In 1262-3, Albert wrote his commentary on Euclid (Super Euclidem).

The last years of his life were devoted to metaphysics and theology; his paraphrase of the Metaphysics was written in 1263-7.

At the same time he wrote the De causis et processu universitatis (The Causes and Development of the Universe), a general exposition of an Aristotelian natural theology in which Albert brings together all the intellectual themes of late antiquity that were available in the second half of the thirteenth century.

At this time, the mendicant orders vigorously denounced the intrusion of philosophy into theology.

For instance, Bonaventure in the Collationes de Decem praeceptis (Discourses on the Ten Commandments) in 1267 attacked the 'arrogant presumption of philosophical investigation' that 'corrupts all of Holy Scripture' and denounced not only those who 'create' the philosophical 'fictions' but also those who 'sustain and reproduce them'.

In that context, Albert's project to 'bring Aristotle to the Latins' constitutes a genuine defence of philosophical endeavour, not only in the medieval university but also in Christian society in general.

In Albert's view, the enemies of philosophy who 'killed Socrates, threw Plato out of Athens… and forced Aristotle into exile' (he openly criticizes them in his paraphrase of the Politics VIII, 6) are comparable to the 'brute beasts' of his time who 'blaspheme against what they don't know', university 'preachers' who in their sermons 'attack the use of philosophy with all possible means', 'without anyone's being able to answer them' (commentary on the VIIth Letter of Dionysius).
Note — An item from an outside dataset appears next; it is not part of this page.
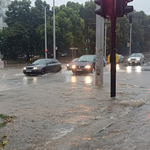 Автомобил закъса във водата на бул. „25-ти септември“ пред ДКЦ-2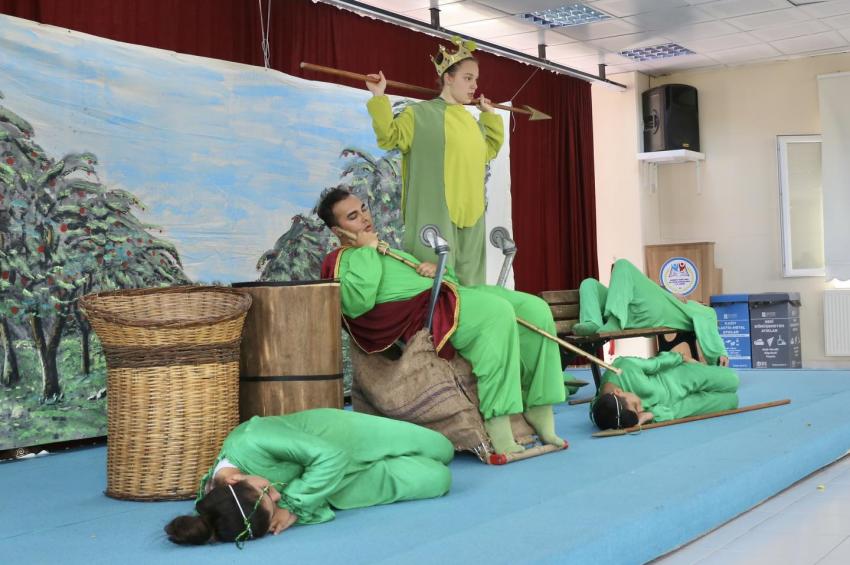 BBKT, BTO ÖZEL EĞİTİM UYGULAMA OKULU'NDA TİYATRO SAHNELEDİ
In opposition to these critics, Albert asserts the need to know and assimilate the philosophy of the ancients.

His insistence on the need for philosophy might seem ambiguous in so far as it gives rise to a distinction between two disciplines 'distinct in their principles': theology, which is 'founded on revelation and prophecy', and philosophy, which is 'founded on reason' (Metaphysica XI, 3, 7).

This distinction, however, corresponds to a deeply rooted tendency in the thirteenth century.

The condemnations of 1277 at Paris are evidence of its strength and efficacy. Nihil ad me de Dei miraculis, cum ego de naturalibus disseram (God's miracles mean nothing to me, since I am discussing natural things and events), the rallying cry of the 'Latin Averroists' popularized by Siger of Brabant (De anima intellectiva (The Intellective Soul) III), was originally Albert's (De generatione et corruptione I, 1, 22).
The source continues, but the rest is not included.